• _TO DO_: Exclude the pictures, and otherwise reproduce the data in full.

### STORED DATA

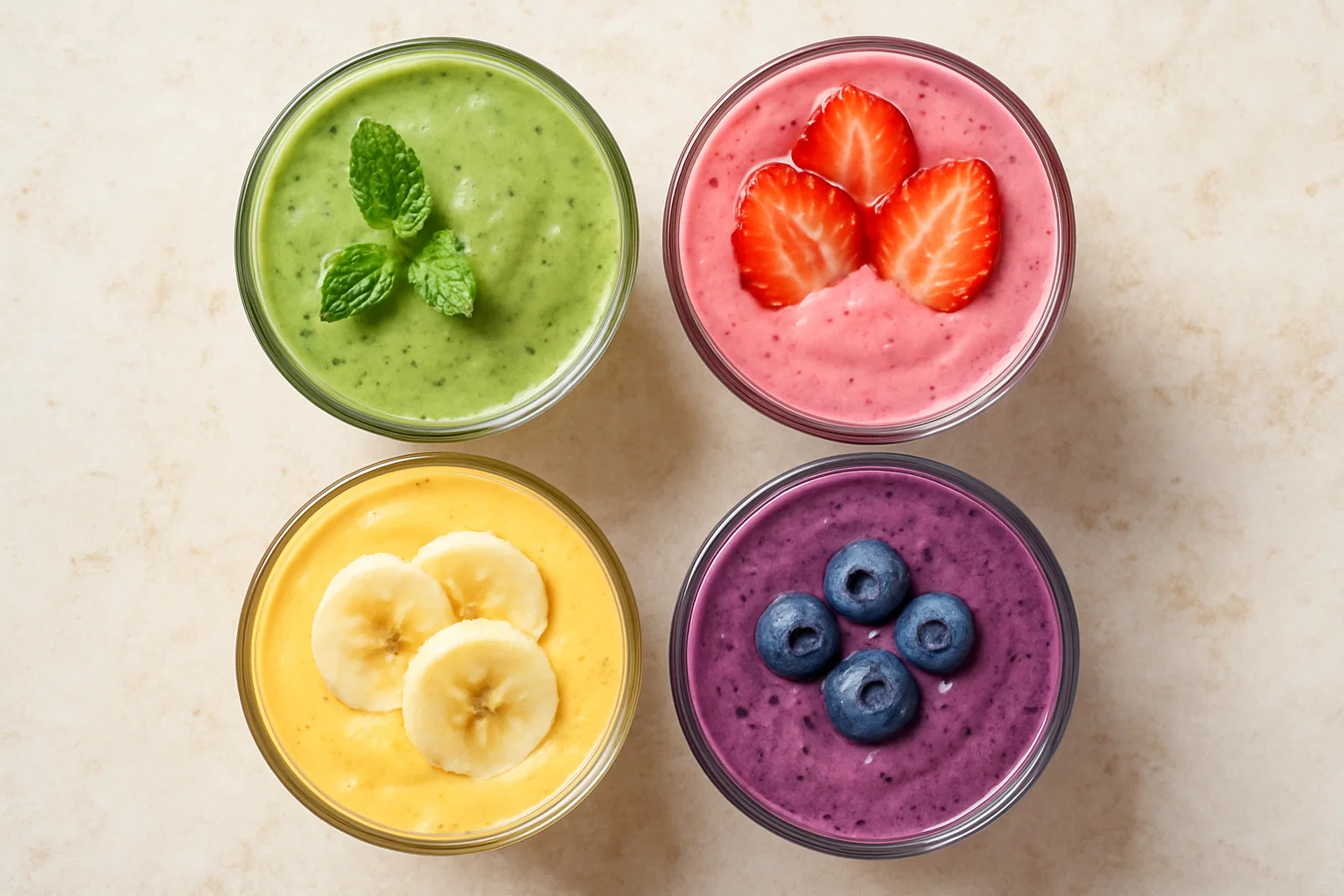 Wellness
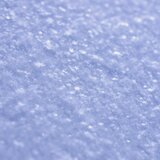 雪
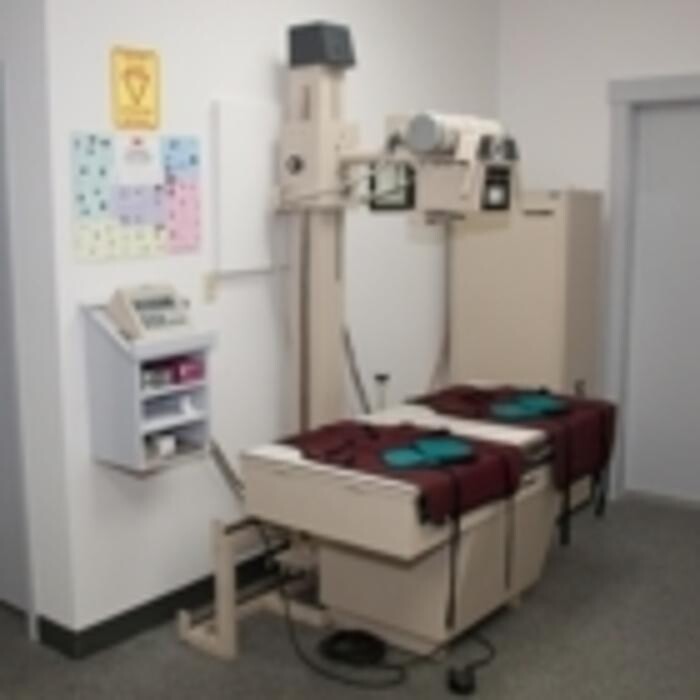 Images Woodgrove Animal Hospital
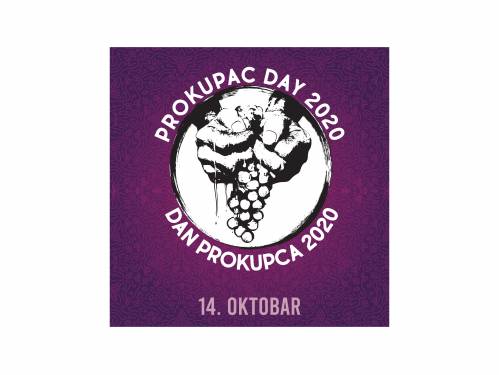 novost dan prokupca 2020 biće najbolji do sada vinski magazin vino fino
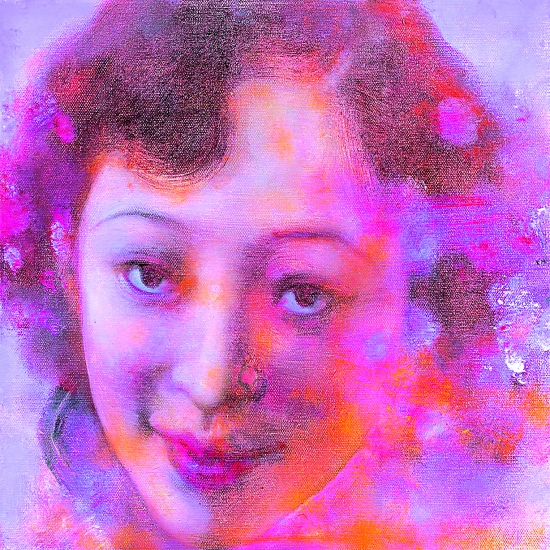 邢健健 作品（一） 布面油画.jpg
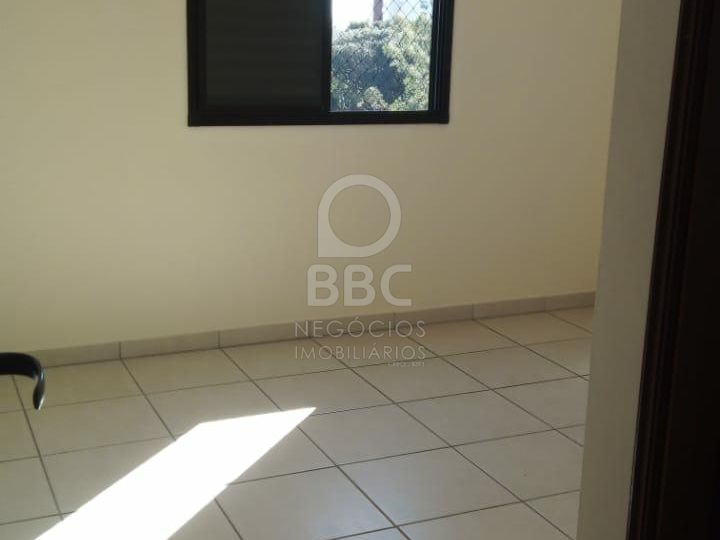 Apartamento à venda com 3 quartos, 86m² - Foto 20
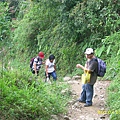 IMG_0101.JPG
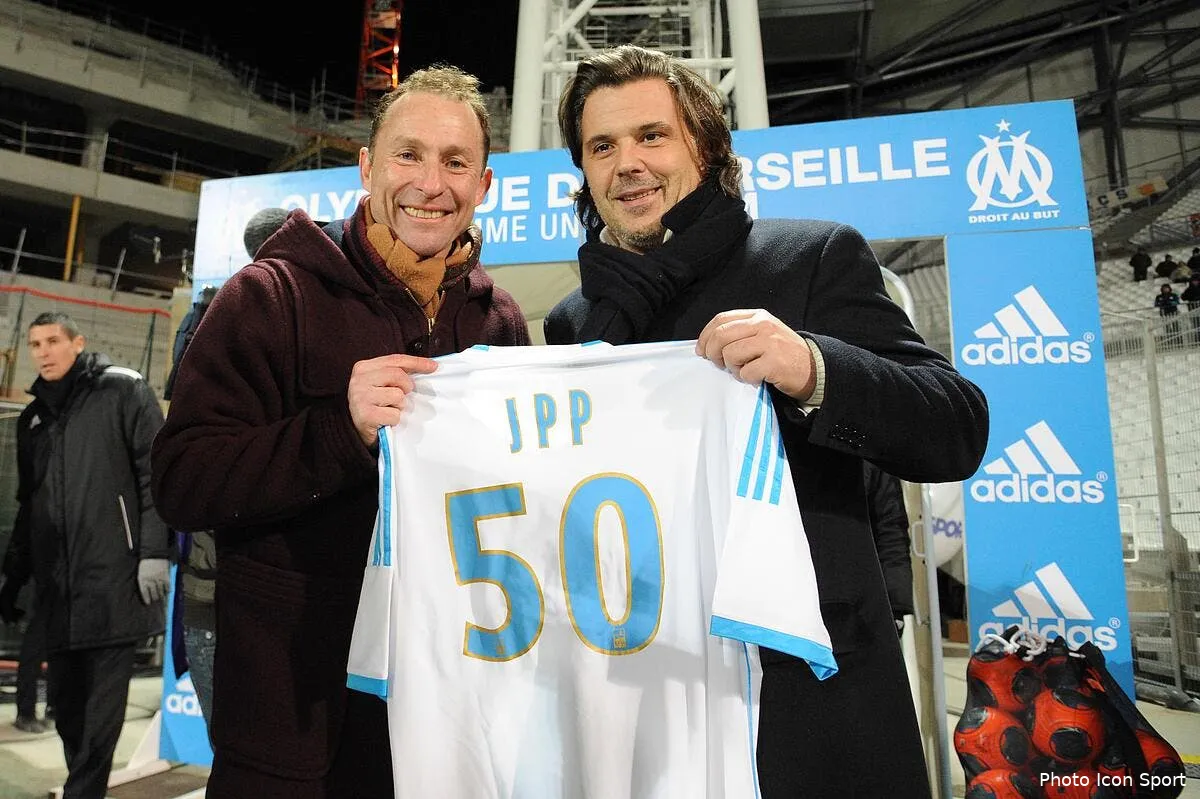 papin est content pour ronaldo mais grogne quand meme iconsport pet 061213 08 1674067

######

• _FINISHED EXERCISE_:
 Wellness
 雪
 Images Woodgrove Animal Hospital
 novost dan prokupca 2020 biće najbolji do sada vinski magazin vino fino
 邢健健 作品（一） 布面油画.jpg
 Apartamento à venda com 3 quartos, 86m² - Foto 20
 IMG_0101.JPG
 papin est content pour ronaldo mais grogne quand meme iconsport pet 061213 08 1674067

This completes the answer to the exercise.